It's been almost four months since I last blogged, courtesy of a rather heavy reading list for the final lap of grad school.
Twenty books and many discussions later, my grasp of constitutional economics has never been better. In a nutshell, constitutional economics has to do with how the basic rules of governance lead to different political and economic outcomes. The basic challenge is to escape anarchy or despotism by establishing the protective (military, police, courts) and productive (basic infrastructure, environmental protection, monetary policy) functions while constraining the ability of political actors to use the power of the state to redistribute. As it turns out, no advanced country seems to have figured out how to constrain redistribution very well.
In thinking about these issues, I've come to a few tentative conclusions. Politics as usual hasn't been very successful at limiting government. It looks like we need to think about constitutional reforms, such as
- Term limits (5 terms House, 2 terms Senate)

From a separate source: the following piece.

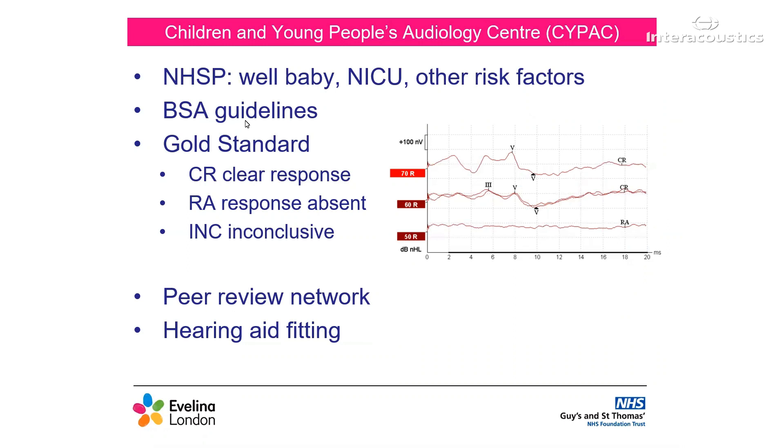In the UK, there is a National Newborn Hearing Screen Programme, referred to as NHSP. All babies receive a newborn hearing screen. The majority of these are carried out in hospital shortly after birth. There are two main protocols: one for well babies and one for NICU babies, those who have spent time in special care. There are also babies who are referred due to additional risk factors, for example, those who have contracted meningitis, or babies with additional diagnoses such as cleft palate. For babies referred for ABR testing, we follow the guidelines set out by the British Society of Audiology, or the BSA.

- Spending limits (inflation + population growth)
- Balanced budget requirements (spending = revenue two years before)
- Prohibition on new debt issue
- Two-year budgeting (budget odd years, oversight even years)
- Zero-base budgeting (all programs reconsidered each time)
- Periodic automatic program sunsets (without congressional reapproval, they go away)
- Putting all implicit debts (unfunded Social Security, Medicare, Medicaid, and pension liabilities) on the official annual budget
All of these are aimed at limiting the discretion of politicians. They're our employees, after all, so why do we let them get away with acting like our masters? Government doesn't give us meaning, it's just an instrument to accomplish those necessary things that cannot by provided by voluntary action.
Forcing government to live within its means would stop the intergenerational theft that has run rampant for the last eighty years and force politicians to make choices about priorities. It would also make it easier to say 'no' to the special interests.
How these reforms could be implemented is unclear. But unless Greece's situation looks like fun, we better figure it out soon.